Clarence Bennett, one of the most versatile actors on the stage and a frequent visitor at the head of his own attractions sent his dramatization of “Faust” to the Opera House March 4, 1903. He was the first scene painter to apply Diamond Dyes for scenery and the drops and set pieces were so light and easy to handle, the scene shifting force on the local stage had a warm place in their affections for his productions. Those patrons sitting out from little realized the enormous amount of hard labor required to change a set of scenery for a large production that must be done with the least delay to retard the action of the play and try the patience of the audience. Some of the drop scenery with a height of 22 feet and a width of 36 feet painted with water colors on brown linen required the service of four flymen to raise these drops to the gridiron they were so weighty.

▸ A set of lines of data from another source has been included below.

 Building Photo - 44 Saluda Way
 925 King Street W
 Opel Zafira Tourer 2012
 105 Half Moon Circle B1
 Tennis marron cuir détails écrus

Hiawatha Tribe No. 7, Independent Order of Red Men, asked permission of the town council to erect a speaker’s stand near the entrance gate in Bluemont cemetery do that all members attending memorial services to their departed brothers interred in the grounds might see and hear the speakers on these occasions commemorating the dead. Council approved the movement granted permission for this worthy project.
A rollicking Irish comedy “Finnegan’s 400” a gathering of the smart set of Hibernian aristocracy starring Joe McAvoy and Harry Mack came to the Opera House March 19, 1903. The action during the four acts was full of the most amusing situations with McAvoy as Finnegan, Harry Mack as Herman Schultz Finnegan’s lawyer, who was screaming funny in hid interpretation of the law. Miss Fannie Edwards as Maggie Connors, whose mother keeps a boarding house which Maggie tried to conceal from the 400, had the principal parts in the comedy. The singing numbers “Daisy, There Is Music In The Air” and the specialty “Two Old Chromo’s In A Hardwood Frame”, Miss Edwards clog dance the popular ballads given by Miss Luella Miller and Joe McAvoy provided the patrons with an enjoyable evening entertainment.
The contention of the Baltimore and Ohio Railroad that the proposed crossing of their tracks at the west end of the railroad bridge over in West Grafton would prove dangerous and greatly interfere with their traffic if the Buckhannon and Northern were permitted the privilege of crossing at that point brought a protest from Chief Engineer Lemley of the Buckhannon and Northern who claimed the route sought by his railroad thru West Grafton would not interfere with the traffic operations of the Baltimore and Ohio Railroad. The mayor and council suggested to Mr. Lemley which in the opinion of the officials of the Baltimore and Ohio would not interfere with their operations, one of the routes suggested was cutting under that hill at a point west of the old route, and emerging at a point near the residence of William T. Lilly on upper Maple Avenue. The proposition did not appeal to Engineer Lemley and the matter was dropped and the Buckhannon and Northern Railroad never built further east than Fairmont.